**Task objective**
Since the records include pictures, leave those out while you reproduce exactly and only the lines from the one containing "That's pretty much" through the one containing "He also covers", inclusive.

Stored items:
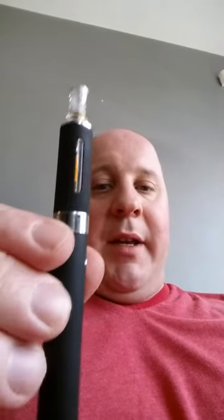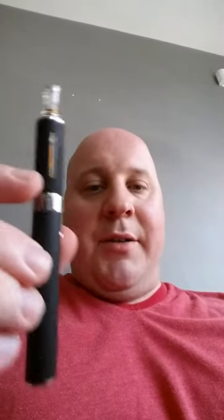Picked up this Kanger Evod starter kit online for about $40. Excellent buy. Super easy to use, to clean, to fill. Comes with everything you need — extra battery, extra tank, charger.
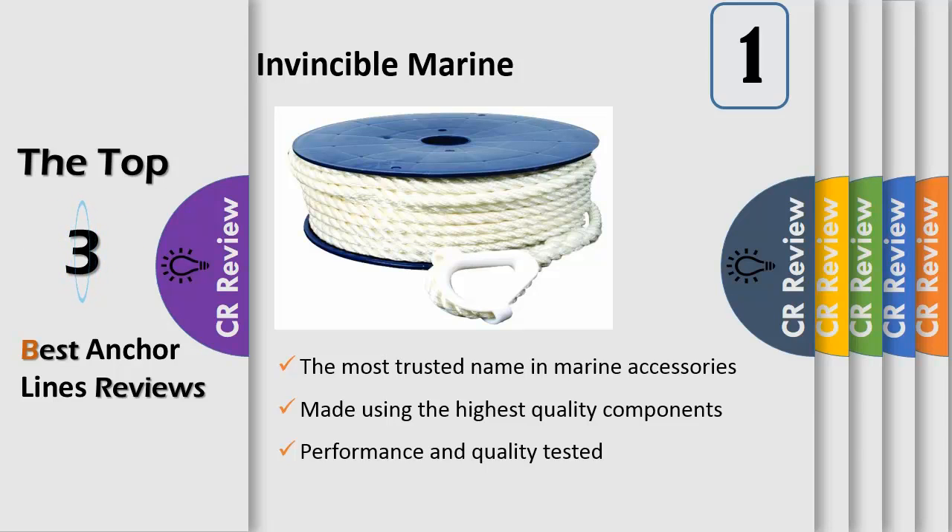This anchor line has a safe working load of 400 pounds and measures 3/8 inches by 100 feet. Featuring UV inhibitors, this anchor line has a uniform construction, keeping it smooth for ultimate strength and improved balance. This allows this product to be widely used in the marine industry for both anchor lines and dock lines.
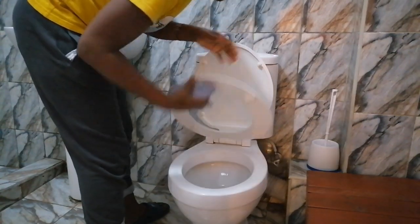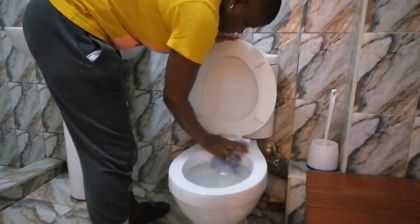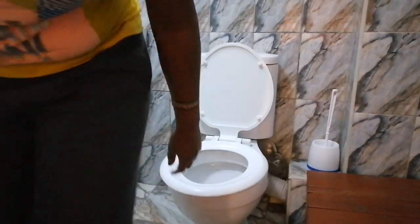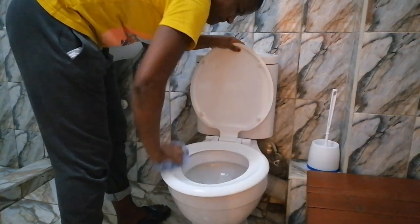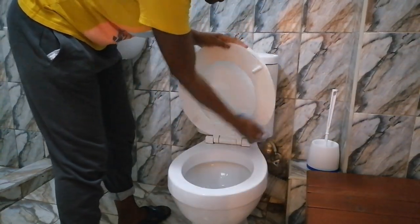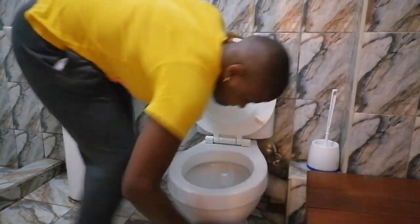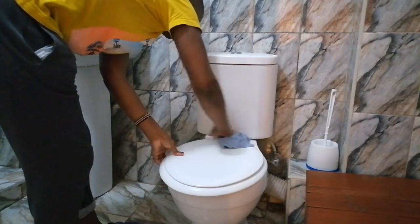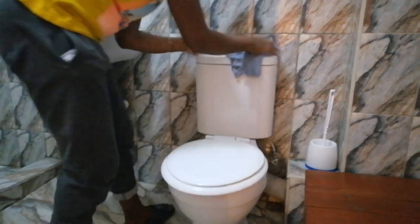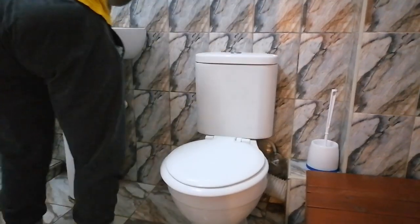I'm just going to wipe my toilet bowl really quick. When I'm doing thorough cleaning I usually wash it thoroughly before wiping it, but I'm just wiping it up really quick after washing the toilet bowl. That is basically what I do when I'm not deep cleaning — so this is not deep cleaning for me.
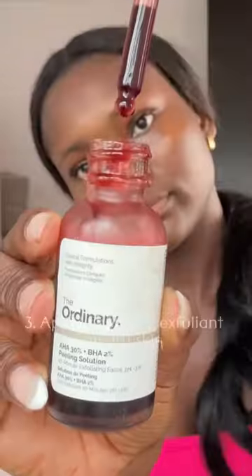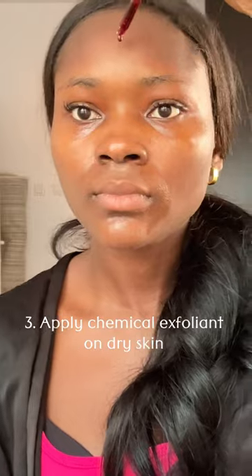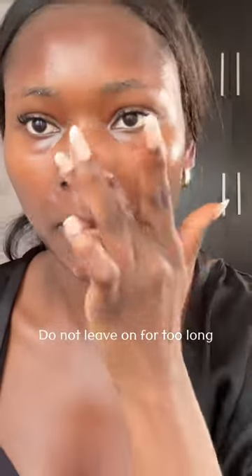and mouth area. This just ensures that the chemical exfoliant is not going directly on those areas, causing irritation or burning. After that, you can go ahead and apply your chemical exfoliant and leave it on for the recommended time.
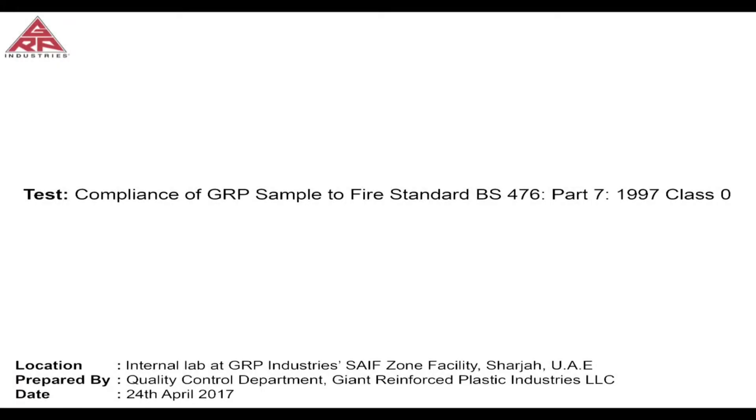We are going to be testing a GRP laminate manufactured by GRP Industries to comply with the British Fire Standard BS 476 Part 7 1997 Class 0. This test was conducted by the Quality Control at GRP Industries on the 24th of April 2017.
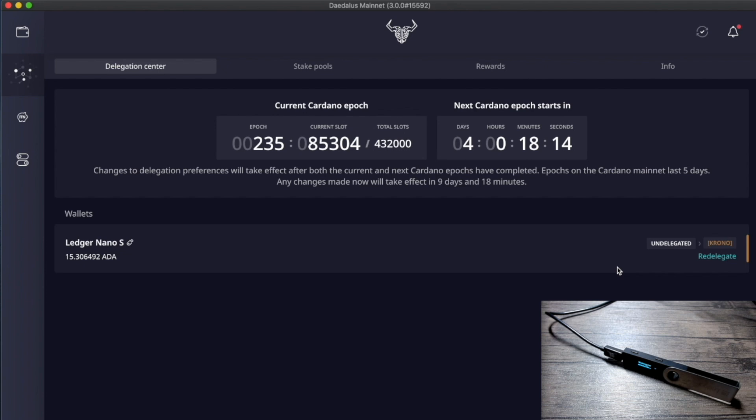That's pretty much the entire process of delegating your Cardano ADA using a Ledger hardware device on the Daedalus wallet — a pretty straightforward process. If you have any questions, let me know in the comments. Hopefully you now have a better idea of how to use the Ledger or Trezor hardware wallet along with Daedalus to store your Cardano ADA. If you enjoyed this content and want to support the channel, please consider delegating to Kaizen Crypto and Chrono Stake Pool. Thank you for watching and I'll see you in the next video!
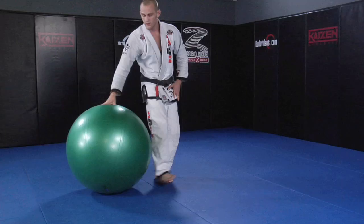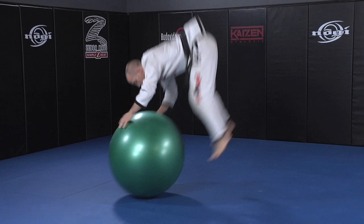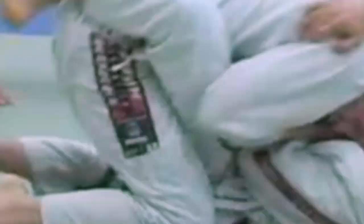He also covers back attacks and Darces, as well as presenting a section on his unique stability ball exercises, designed to put your body in the perfect shape to perform these incredible techniques. English and Japanese language audio tracks, plus ten exciting Jeff Glover fights, makes this the most in-depth Half-Guard instructional in the world.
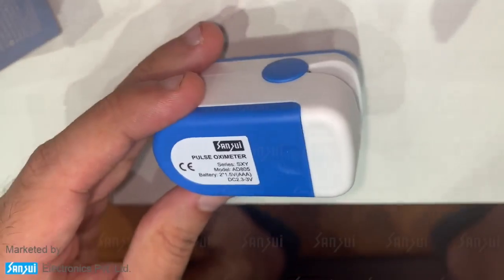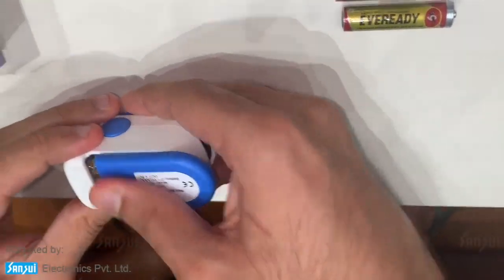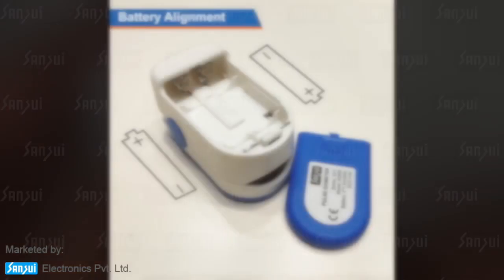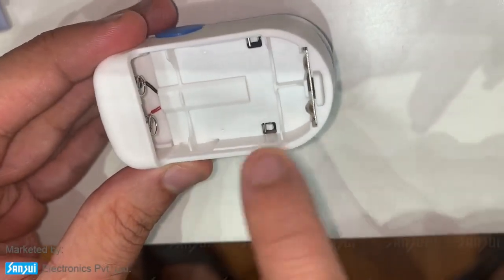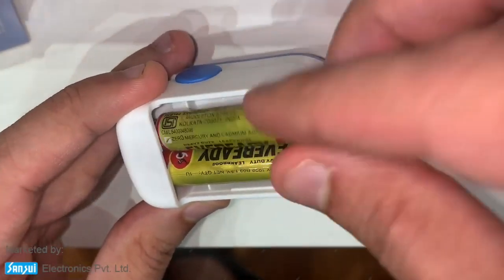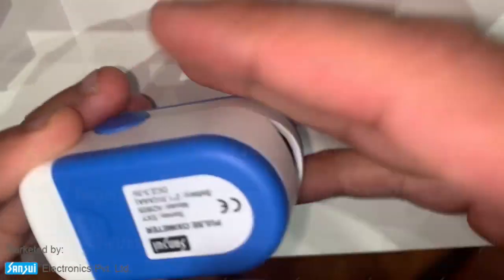I have two batteries here that I purchased from our store. I'm going to open the battery compartment. When you look inside, you'll see markings showing how to put the batteries in — positive on the left side, negative on the right side for the first battery, and negative on the right side, positive on the front side for the second. I'll slide the cover to shut it.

**Solution to this problem**
That's pretty much the entire process of delegating your Cardano ADA using a Ledger hardware device on the Daedalus wallet — a pretty straightforward process. If you have any questions, let me know in the comments. Hopefully you now have a better idea of how to use the Ledger or Trezor hardware wallet along with Daedalus to store your Cardano ADA. If you enjoyed this content and want to support the channel, please consider delegating to Kaizen Crypto and Chrono Stake Pool. Thank you for watching and I'll see you in the next video!
He also covers back attacks and Darces, as well as presenting a section on his unique stability ball exercises, designed to put your body in the perfect shape to perform these incredible techniques. English and Japanese language audio tracks, plus ten exciting Jeff Glover fights, makes this the most in-depth Half-Guard instructional in the world.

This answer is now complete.